**Instructions for the task:** Everything in the listing below should be repeated exactly, apart from the pictures.

**Recorded data:**
━━━━━━━━━━━━━━━━━━━━

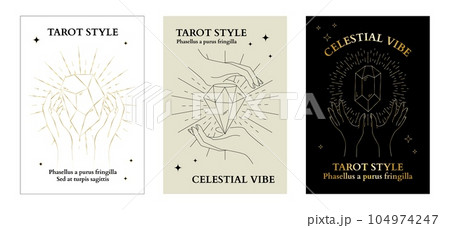 Tarot style banners. Boho line art. Shiny gemstone in arms. Hand palms holding precious gems. Brilliant crystals. Celestial mystic stars. Magic and alchemy. Spiritual diamond. Vector cards design set Tarot style banners. Boho line art. Shiny gemstone in arms. Hand palms holding precious gems. Brilliant crystals. Celestial mystic stars. Magic and alchemy. Spiritual diamond. Vector cards design set 104974247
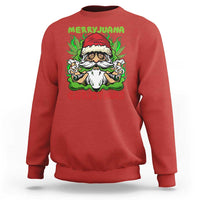 Red crewneck sweatshirt with 'Merry Juana Christmas' graphic Santa and leaves
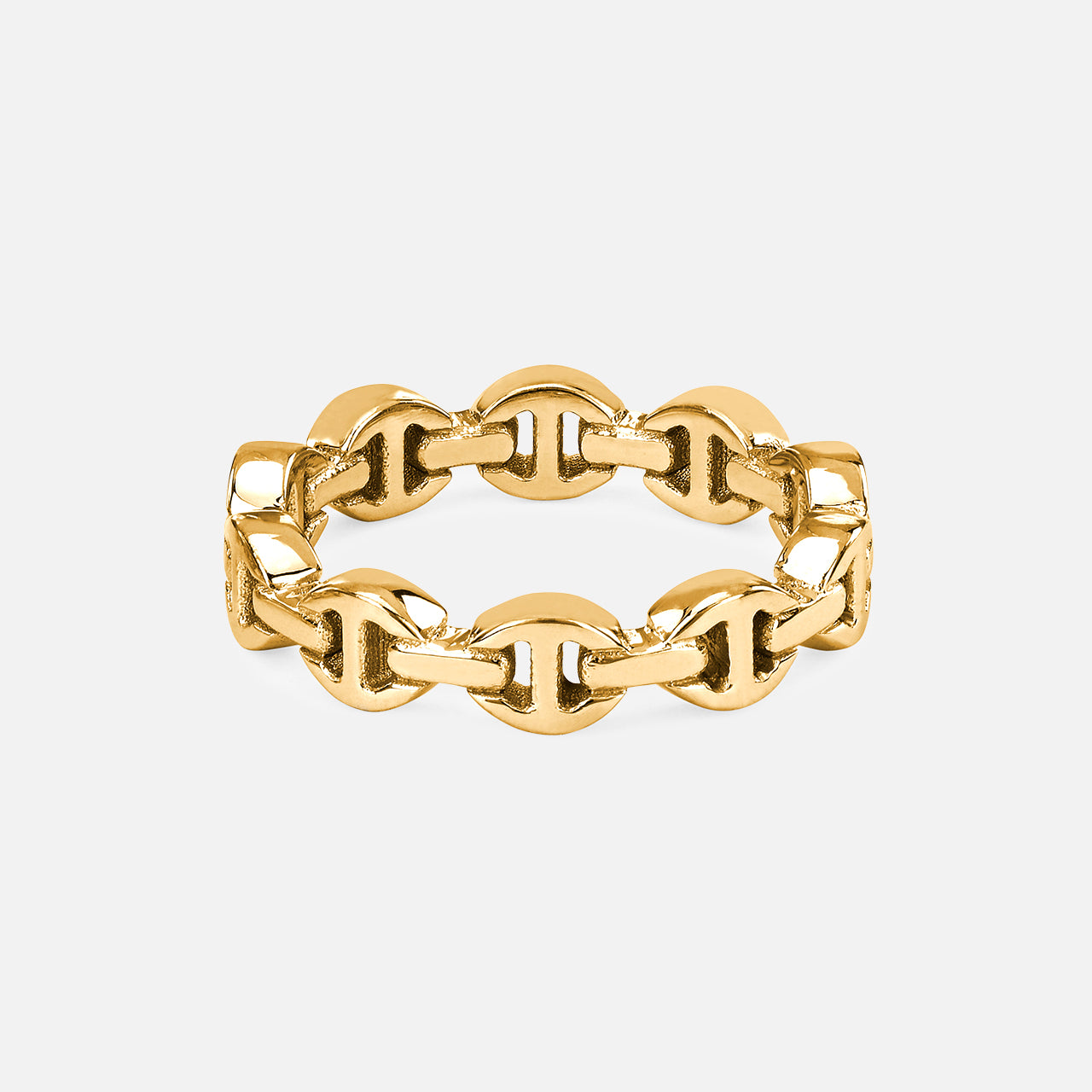 The HOORSENBUHS Micro Dame III Ring features a yellow gold band with an interlocking chain-link and tri-link motif, creating a modern unisex piece. Shown on a plain white background.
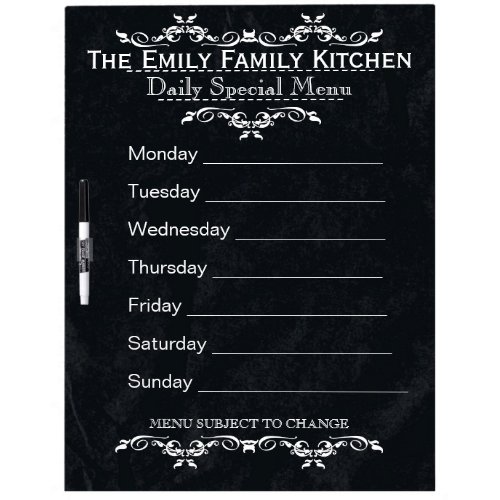 Personalized Weekly Dinner Menu Black Chalkboard Dry Erase Board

━━━━━━━━━━━━━━━━━━━━

**Response area:**
 Tarot style banners. Boho line art. Shiny gemstone in arms. Hand palms holding precious gems. Brilliant crystals. Celestial mystic stars. Magic and alchemy. Spiritual diamond. Vector cards design set Tarot style banners. Boho line art. Shiny gemstone in arms. Hand palms holding precious gems. Brilliant crystals. Celestial mystic stars. Magic and alchemy. Spiritual diamond. Vector cards design set 104974247
 Red crewneck sweatshirt with 'Merry Juana Christmas' graphic Santa and leaves
 The HOORSENBUHS Micro Dame III Ring features a yellow gold band with an interlocking chain-link and tri-link motif, creating a modern unisex piece. Shown on a plain white background.
 Personalized Weekly Dinner Menu Black Chalkboard Dry Erase Board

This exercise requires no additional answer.